Top of Data to examine
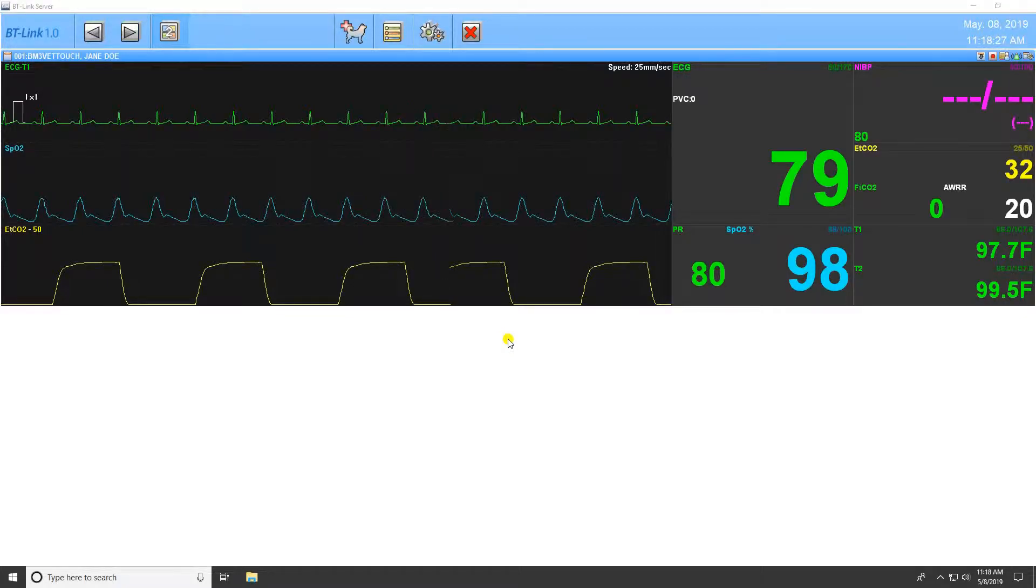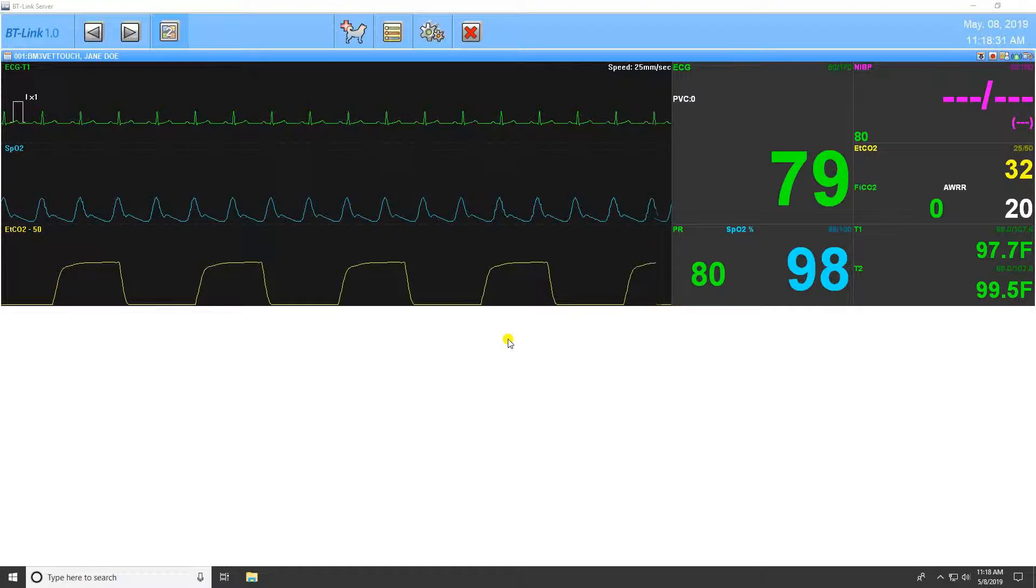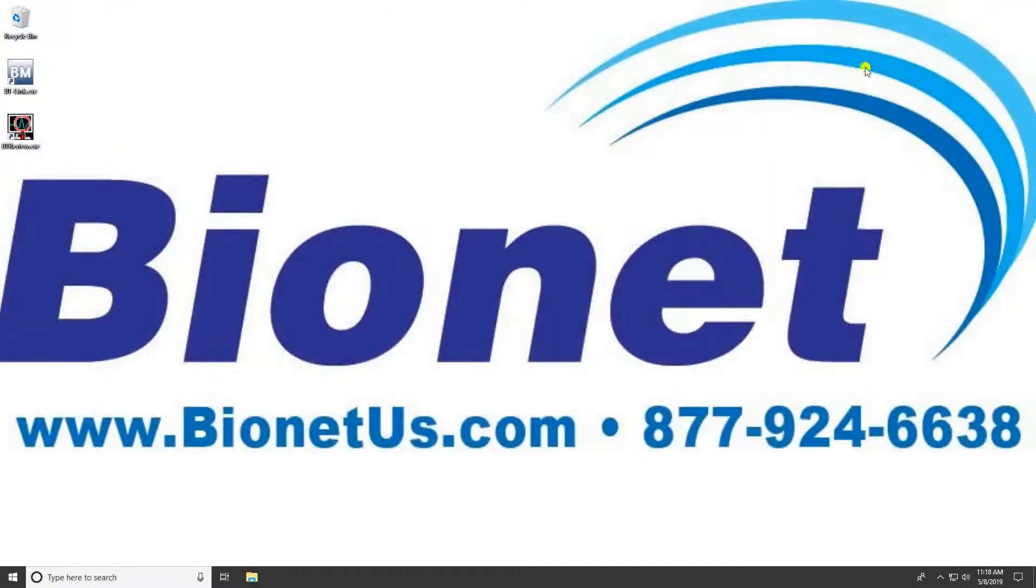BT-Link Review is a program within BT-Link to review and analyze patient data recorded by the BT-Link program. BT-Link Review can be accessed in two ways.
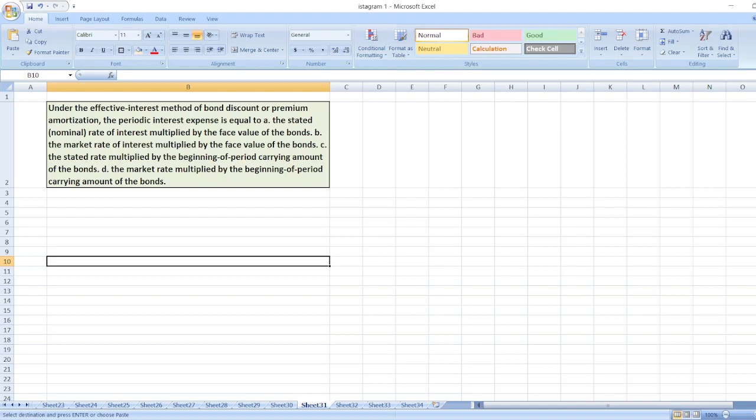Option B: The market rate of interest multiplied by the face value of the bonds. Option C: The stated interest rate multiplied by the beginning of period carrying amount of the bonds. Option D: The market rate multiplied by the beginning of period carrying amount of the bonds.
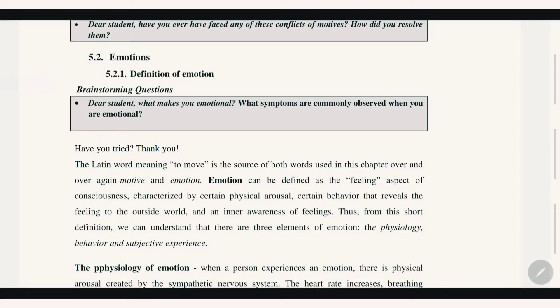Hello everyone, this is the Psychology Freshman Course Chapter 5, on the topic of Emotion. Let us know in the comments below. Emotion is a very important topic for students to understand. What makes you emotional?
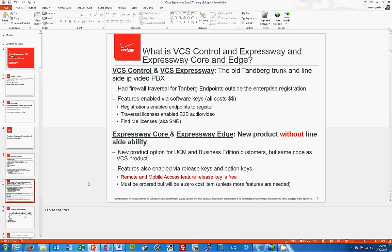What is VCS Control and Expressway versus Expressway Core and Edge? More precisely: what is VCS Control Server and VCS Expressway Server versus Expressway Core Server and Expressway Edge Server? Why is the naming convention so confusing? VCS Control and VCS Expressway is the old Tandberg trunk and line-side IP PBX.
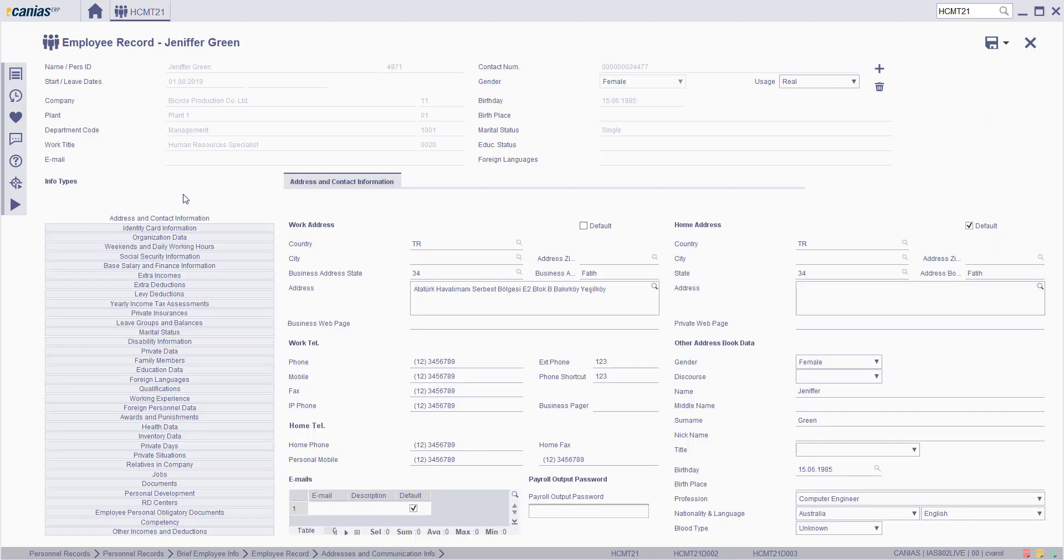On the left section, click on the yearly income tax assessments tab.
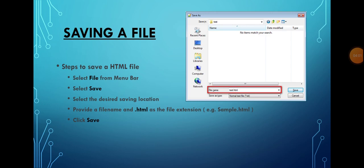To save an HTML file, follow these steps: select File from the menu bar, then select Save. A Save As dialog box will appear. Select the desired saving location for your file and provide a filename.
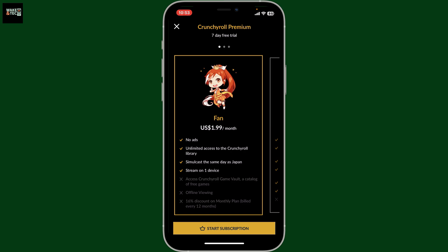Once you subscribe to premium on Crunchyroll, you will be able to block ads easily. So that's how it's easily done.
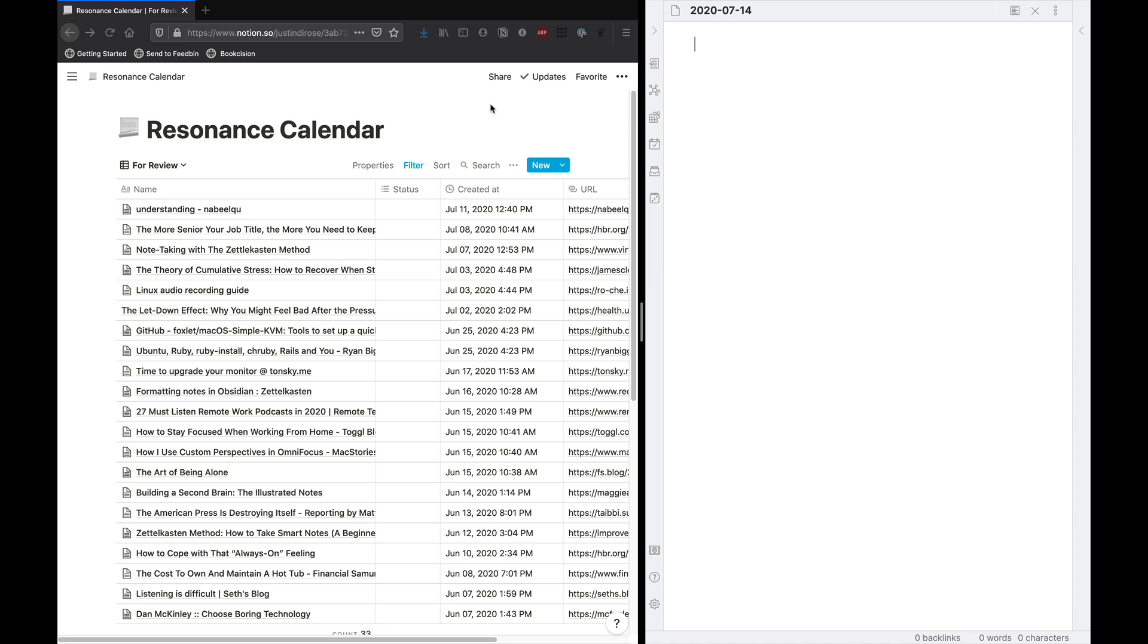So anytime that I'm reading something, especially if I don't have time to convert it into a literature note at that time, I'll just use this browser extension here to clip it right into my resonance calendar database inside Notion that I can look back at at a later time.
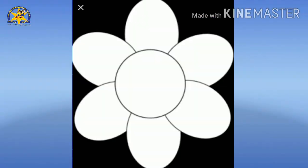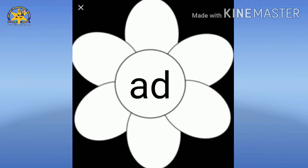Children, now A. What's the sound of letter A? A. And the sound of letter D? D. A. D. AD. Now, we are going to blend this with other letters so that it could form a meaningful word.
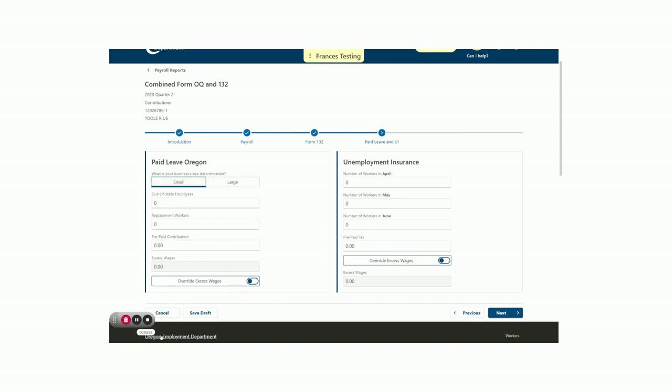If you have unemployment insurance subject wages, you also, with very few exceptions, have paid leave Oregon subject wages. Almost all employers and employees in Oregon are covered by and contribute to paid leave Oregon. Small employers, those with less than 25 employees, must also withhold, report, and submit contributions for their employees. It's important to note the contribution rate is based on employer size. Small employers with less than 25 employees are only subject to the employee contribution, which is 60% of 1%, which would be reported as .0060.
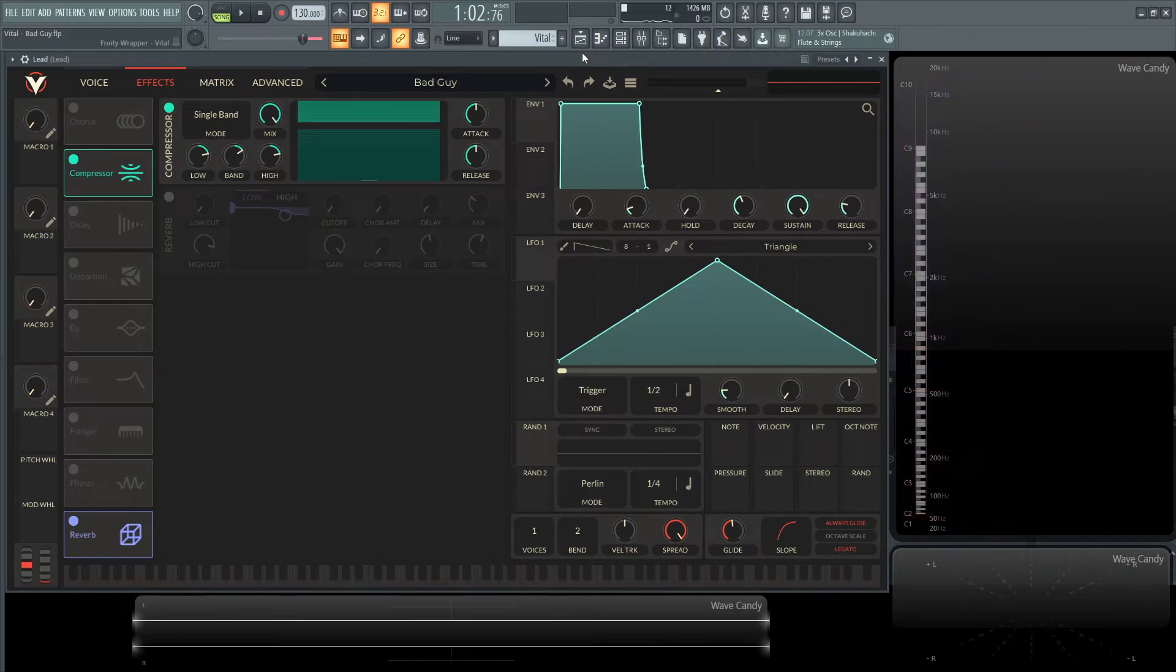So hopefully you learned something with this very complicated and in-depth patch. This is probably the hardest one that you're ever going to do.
Bottom of Data to examine
◆ **Problem**
Word for word, repeat the lines above from the one with "Once you subscribe" through the one with "Children, now A.", and nothing beyond them. Omit the pictures.

◆ **Solution for this problem**
Once you subscribe to premium on Crunchyroll, you will be able to block ads easily. So that's how it's easily done.
So anytime that I'm reading something, especially if I don't have time to convert it into a literature note at that time, I'll just use this browser extension here to clip it right into my resonance calendar database inside Notion that I can look back at at a later time.
Children, now A. What's the sound of letter A? A. And the sound of letter D? D. A. D. AD. Now, we are going to blend this with other letters so that it could form a meaningful word.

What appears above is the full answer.